> [ABOUT THIS EXERCISE]
The entries below need to be transcribed exactly, without their images.

> [DATASET RECORDS]
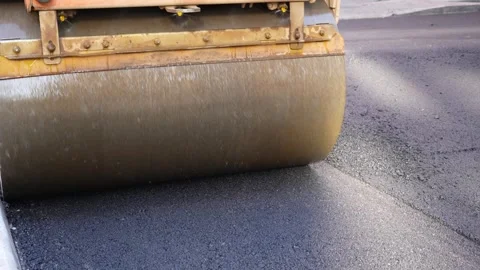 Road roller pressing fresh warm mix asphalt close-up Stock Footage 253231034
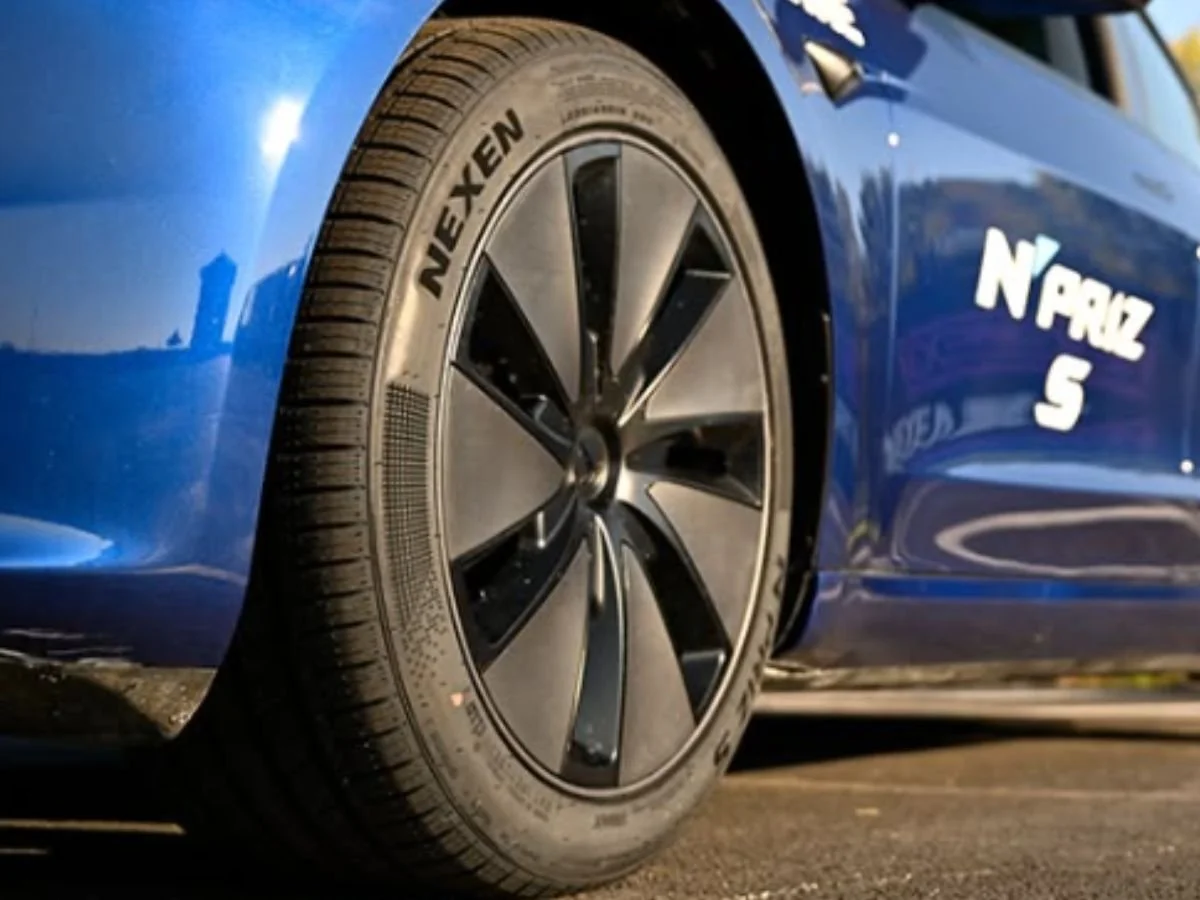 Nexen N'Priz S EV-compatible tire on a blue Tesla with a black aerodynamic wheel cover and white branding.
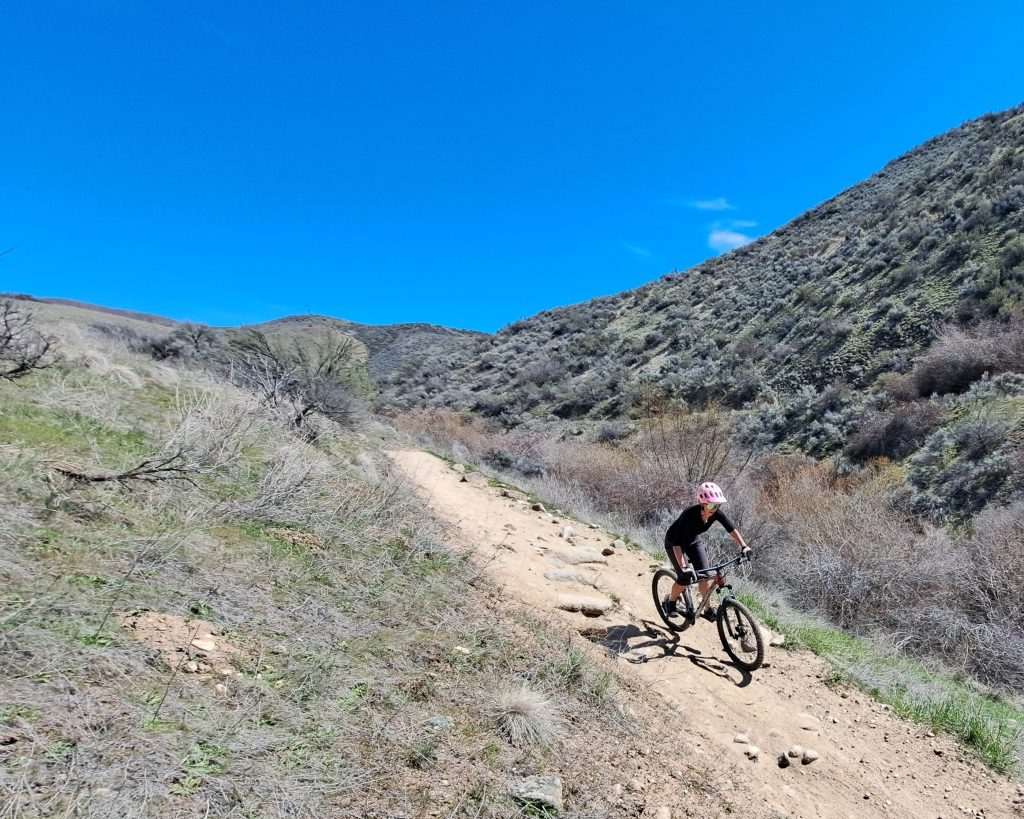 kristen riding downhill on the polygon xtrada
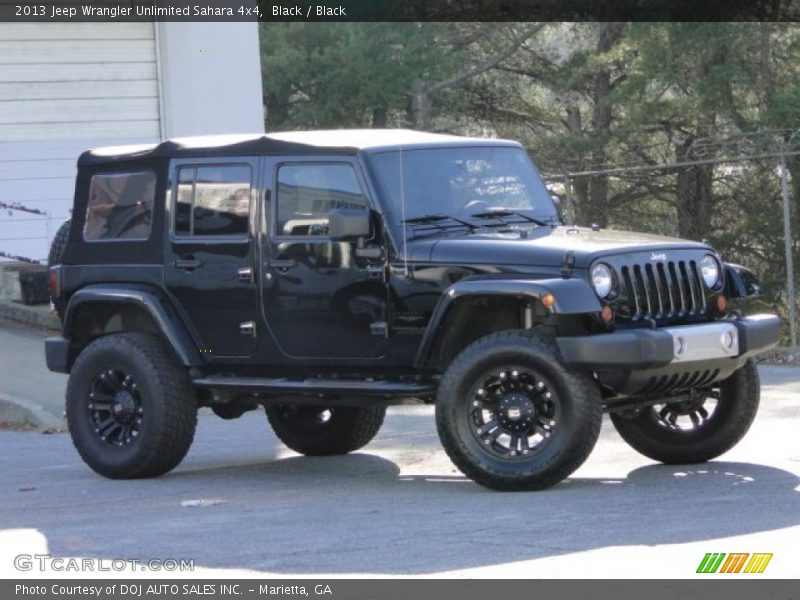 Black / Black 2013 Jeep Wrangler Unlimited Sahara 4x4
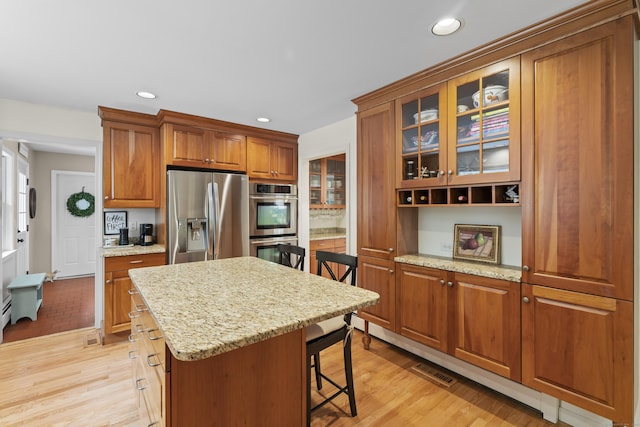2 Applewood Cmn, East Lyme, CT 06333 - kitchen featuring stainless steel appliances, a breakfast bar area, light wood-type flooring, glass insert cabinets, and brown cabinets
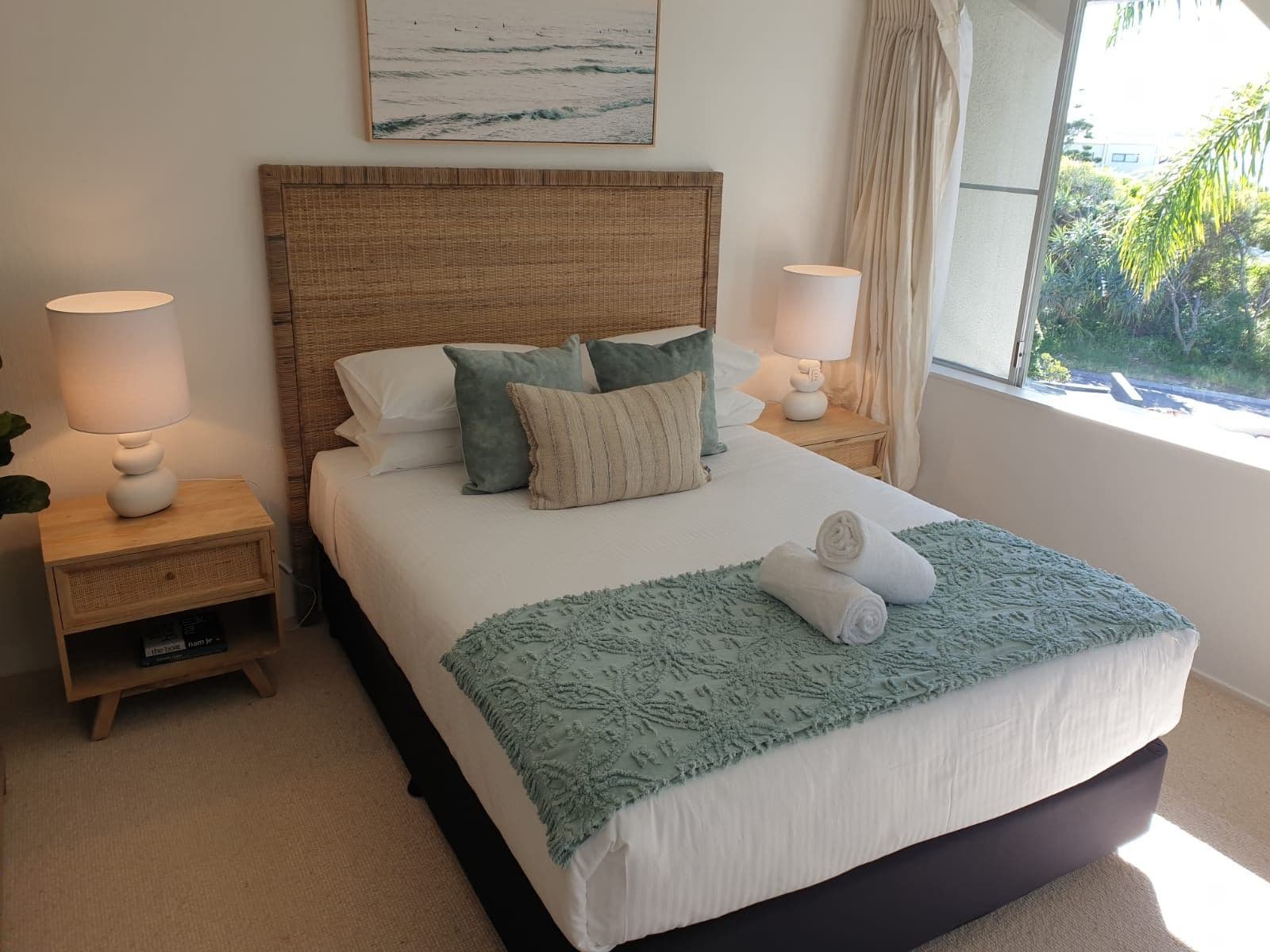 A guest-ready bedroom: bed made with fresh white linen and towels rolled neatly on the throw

> [REPLY TO THE TASK]
 Road roller pressing fresh warm mix asphalt close-up Stock Footage 253231034
 Nexen N'Priz S EV-compatible tire on a blue Tesla with a black aerodynamic wheel cover and white branding.
 kristen riding downhill on the polygon xtrada
 Black / Black 2013 Jeep Wrangler Unlimited Sahara 4x4
2 Applewood Cmn, East Lyme, CT 06333 - kitchen featuring stainless steel appliances, a breakfast bar area, light wood-type flooring, glass insert cabinets, and brown cabinets
 A guest-ready bedroom: bed made with fresh white linen and towels rolled neatly on the throw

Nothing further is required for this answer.